# clé 3G Orange non reconnue sous Lion



## charonne (21 Juillet 2011)

Hello,
je viens d'installer MacOS X 10.7 Lion, et ma clé 3G Orange n'est plus reconnue. C'est un modèle Huawei E1752, avec driver BusinessEverywhere 2.0 d'Orange, qui supporte Snow Leopard 10.6.
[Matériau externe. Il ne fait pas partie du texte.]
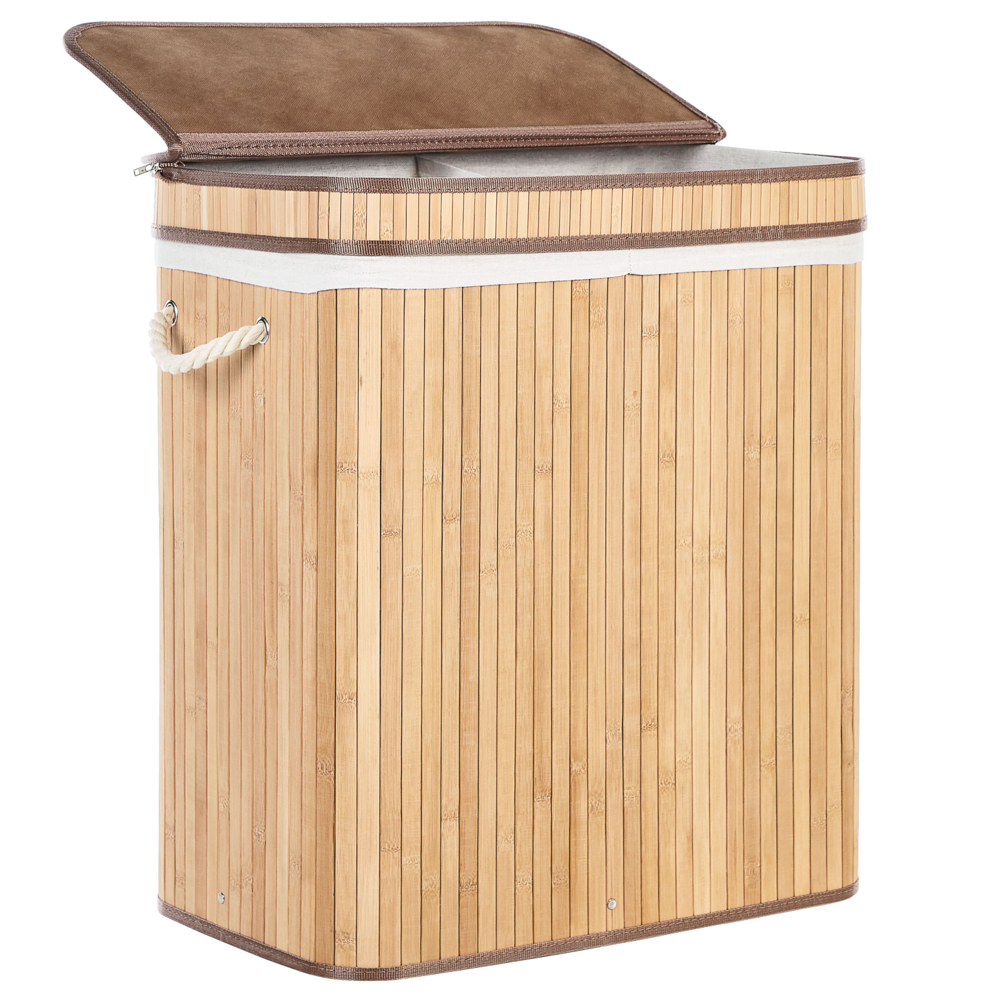 Cestino portaoggetti in bambù legno chiaro con coperchio Cestino per biancheria Accessori pratici lavanderia bucato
Avez vous trouvé une solution pour faire reconnaitre cette clé 3G sous Lion ?*

Ou bien avez vous une solution alternative pour se connecter en 3G (autre clé, autre opérateur) ? Je pense aussi à une solution du type "Orange Domino 3G" qui rend la connexion indépendante de l'OS...

Laurent


----------



## Toximityx (21 Juillet 2011)

Lu,

J'ai une clé domino, c'est sympathique, car pour ta clé 3G il faut attendre qu&#8217;Orange (et Huawei) fassent les maj...

Pour la Domino, TPH fait une promo ->  http://www.phonehouse.fr/orange/cle-internet-3g+-wifi-domino/OCLEE5832, j'ai pris y'a une semaine un abonnement sans engagement à 8&#8364; les 200MO (reportable)


----------



## charonne (21 Juillet 2011)

oui, la solution Domino est sans doute la meilleure pour profiter de Lion, sans avoir à attendre un hypothetique driver... Malheureusement, on dirait que le Domino soit indisponible chez Phone House et Orange... C'est toujours comme ça ;-)


----------



## Toximityx (21 Juillet 2011)

Va voir en magasin y'a du stock


----------



## charonne (21 Juillet 2011)

hé hé c'est fait ;-) Je n'ai pas pu résister !
Merci pour l'info.
A+


----------



## Toximityx (21 Juillet 2011)

De rien, si tu as de soucis avec la clé Domino demande moi par MP


----------



## IMAC 78 (23 Juillet 2011)

Orange préconise d'utiliser la clé en 32 bits. Pour cela, il faut démarrer le MBP en maintenant les touches 3 et 2. Le noyau passe en 32 bits et la clé 3G+ est activée. J'ai validé sur mon MBP 3,06 MHz. Ca fonctionne très bien. Pas de ralentissement particuliers. Quand on redémarre me mac, il passe automatiquement en 64 bits.


----------



## charonne (11 Août 2011)

Merci pour l'info ;-) Cela marche très bien, en effet.


----------



## azrael_jon (30 Août 2011)

par contre pour utiliser la clé, il faut rester en 32 bit ou une fois activé on peut l'utiliser en 64 bit?


----------



## JimBond (30 Août 2011)

La réponse est ici :

http://entraide.orange.fr/assistance/messages/index/59116/cle-3g-mac-os-10-7-et-cle-3g.html?dub=2
et là
http://assistance.orange.fr/la-cle-3g-e1752-3756.php

La version 9.2.1 fonctionne avec clé 3G HUAWEI E1752, testé sur MacBook Pro et 10.7.1 directement.


----------



## ineedsomebodyhelp (22 Novembre 2011)

bonjour à tous,

Je suis dans le même cas avec la même clé. Pourrais tu me donner le détail des infos à mettre dans les préférences réseau ?

Quel account name et quell password ?

Merci d'avance


----------